A LAMENT FOR THE ‘GERMANY DISCOUNT’
When Jürgen Hambrecht took over as chief executive of BASF in spring 2003, he said the chemicals company had “to get closer to the customer” and “become more profitable” to boost its valuation and guard against being taken over.
To this end, he encouraged his marketing people to think in terms of providing solutions, not simply products. As a result, the Mercedes A-class car is not simply coated in BASF paint – BASF people do the painting.
He also bought companies such as the US catalyst maker Engelhard in order to move BASF into markets that are closer to consumers – and subject to more stable pricing levels. Prices of industrial chemicals, by contrast, are tied to the ups and downs of the business cycle.

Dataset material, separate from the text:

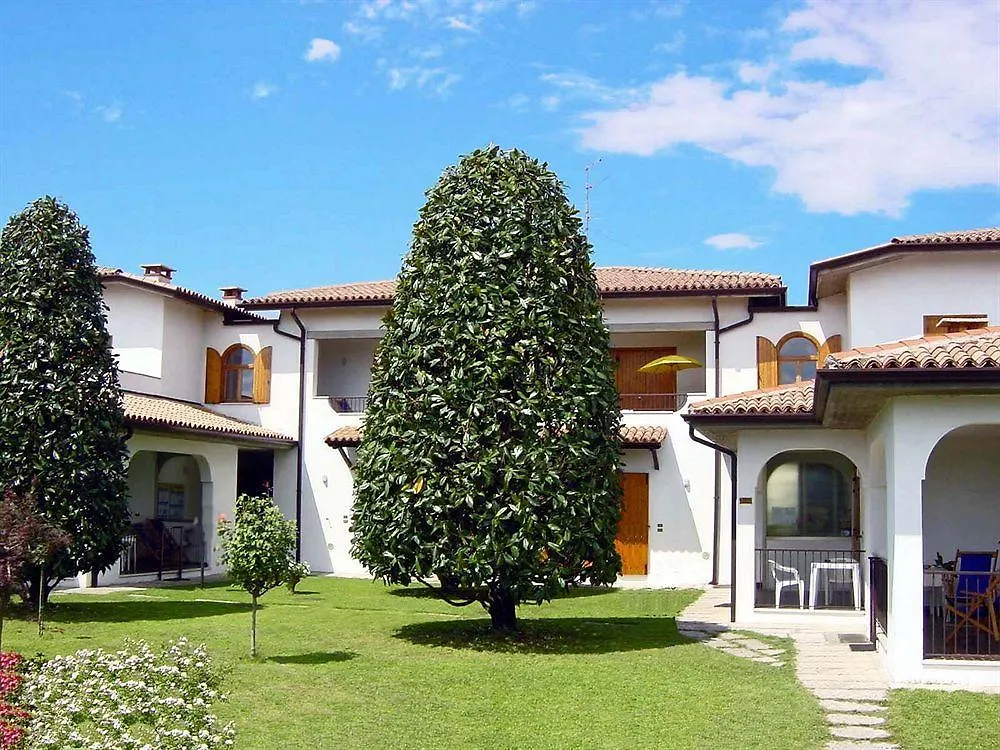 סירמיונה Residence Bianca מלון דירות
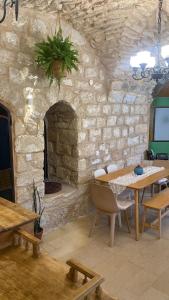 Χώρος καθιστικού στο LEAH- botanical villa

Moves such as these and cost cuts in Germany and overseas helped to boost the group’s results. Return on capital employed more than doubled from 8.4 per cent in 2002, the year before Mr Hambrecht took over, to 17.7 per cent 2005.
Yet this bounce in performance does not appear to have roused investors to a similar degree. BASF’s share price has risen by a relatively disappointing 75 per cent since he took over and is currently trading at about the €62-a-share level.
The chief executive is not happy. He thinks German companies still suffer from a “Germany discount” because investors are “gloomy about the parameters for doing business here” – such as high taxes, red tape and thrifty consumers.
On top of that, Mr Hambrecht feels investors have not yet recognised the potential of BASF’s expanding oil and gas business or that of its forays into biotechnology. The chances are that these “haven’t yet been priced into the stock”, he says.
But he is meek enough to concede that investor ignorance might go hand in hand with bad corporate communication.
“It’s our responsibility to relay things so the financial markets understand what we’re doing,” he says.